De fait, les autorités ne ménagent pas leurs efforts pour insérer les nouvelles technologies dans la vie quotidienne des Tunisiens. Le lancement des Publinet n’est qu’une étape, en attendant l’équipement des ménages en ordinateurs. Selon l’ATI, la Tunisie compterait déjà 700 000 utilisateurs réguliers d’Internet sur une population totale de 10 millions d’habitants. Un taux exceptionnel dans le monde arabe comme en Afrique.
Mais l’objectif du gouvernement est, à terme, de réaliser « Internet pour tous » (voir encadré). Pour parvenir à cet ambitieux objectif, la Tunisie doit toutefois résoudre rapidement deux grands problèmes. Le premier est celui de l’accès du grand public au haut débit par l’ADSL. Grâce aux investissements réalisés par l’opérateur Tunisie Telecom, les Tunisiens devraient bientôt bénéficier de ce nouveau service. Reste à savoir à quel prix sera proposé l’accès à l’ADSL. Mais la concurrence qui émerge avec déjà cinq fournisseurs de services Internet (FSI) privés laisse augurer des tarifs abordables.

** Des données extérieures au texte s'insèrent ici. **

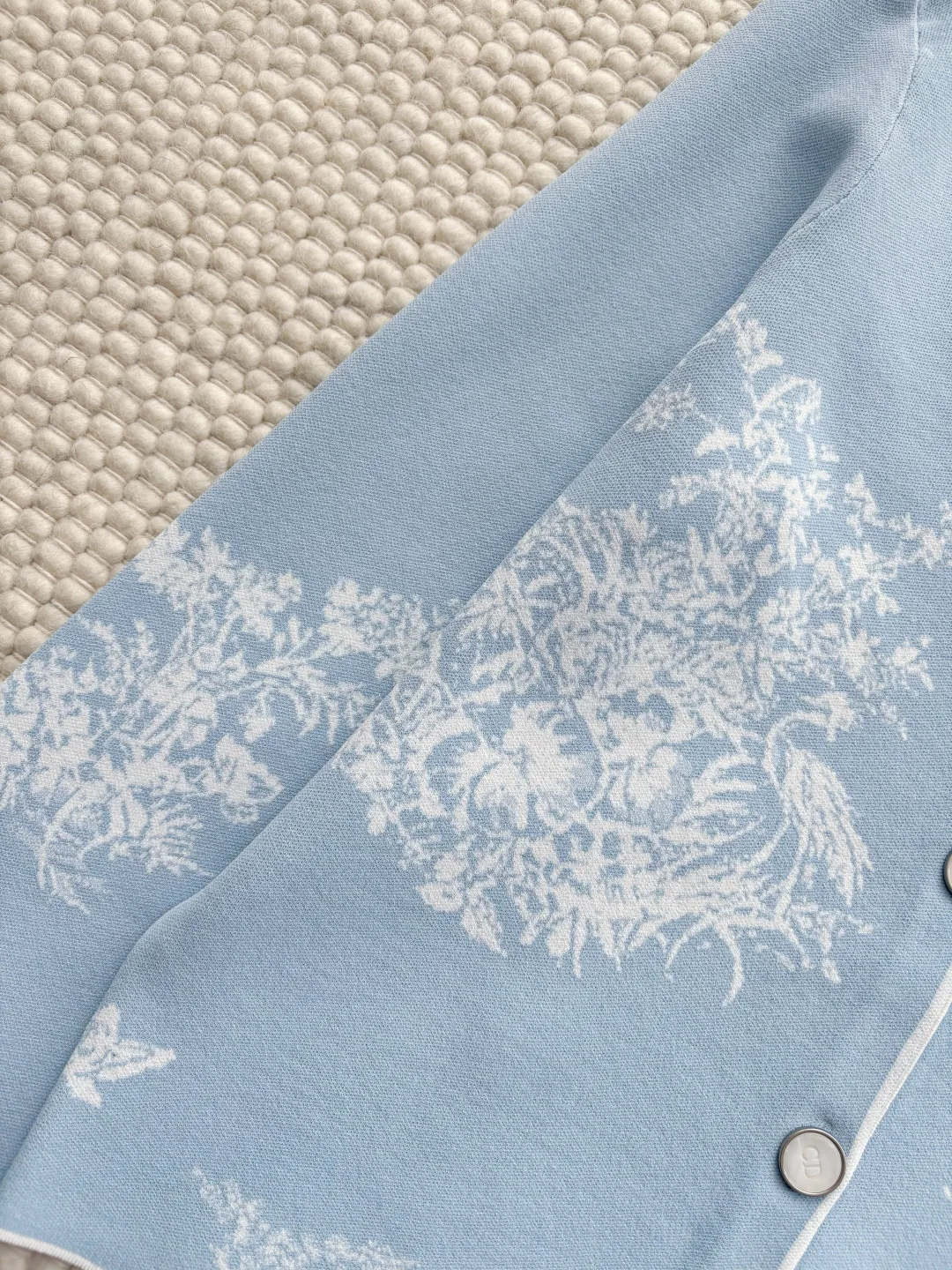 Women's Jumpers And Sweaters CHRISTIAN DIOR 17403639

Le second problème à régler est celui du développement du contenu, c’est-à-dire d’une offre abondante de sites tunisiens. Les internautes consultent aisément des sites étrangers, mais l’usage de cet outil restera anecdotique si l’offre nationale ne connaît pas de développement. Aussi le gouvernement a-t-il décidé de mettre en place un système de « ristourne » pour encourager l’alimentation du Web local. Concrètement, ceux qui génèrent un certain niveau de trafic sur le Net bénéficient d’une subvention à hauteur de 30 % de leurs coûts d’hébergement et de mise à jour. Comme la réalisation d’un site Web de qualité professionnelle revient entre 2 000 et 3 000 dinars (1 300 et 1 950 euros), la subvention n’est pas négligeable. Pour y accéder, les concepteurs de sites doivent voir leur dossier agréé par une commission chapeautée par l’ATI.

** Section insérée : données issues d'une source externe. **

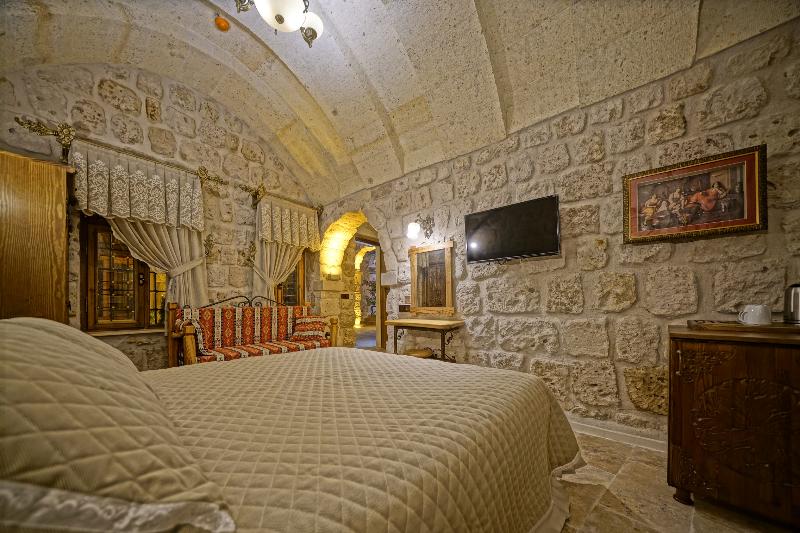 Cappadocia Cave Lodge image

« La clé de l’essor d’Internet en Tunisie, c’est le développement du commerce électronique. Il existe bien la carte « e-Dinar » de la Poste tunisienne, un porte-monnaie électronique, mais elle ne permet de régler que des petits achats et doit être rechargée fréquemment », estime de son côté Fathi Bhoury, le directeur général du FSI Planet. Les opérateurs devront également proposer des achats en ligne de billets d’avion ou de train. Et faire la promotion des sites de jeux et de divertissement comme dans les pays du Nord pour augmenter la fréquentation d’Internet. Reste que la carte e-Dinar permet déjà de résoudre des problèmes délicats. « L’autre jour, j’étais invité à dîner chez un de mes clients importants, confie Mourad, un jeune chef d’entreprise tunisois. Mais j’étais débordé par un dossier d’appel d’offres, et je n’ai pas vu l’heure tourner. Il était 17 heures et je n’avais pas de cadeau pour la maîtresse de maison. De mon ordinateur, j’ai cliqué sur le site des fleurs de La Poste, où j’ai commandé et payé avec ma carte e-Dinar un beau bouquet. Il est arrivé avant moi à la réception. » Selon les historiens, la tradition d’offrir des fleurs vient de la dynastie des Omeyyades installée en Espagne à partir du VIIIe siècle. Nombre de leurs descendants ont par la suite émigré en Tunisie.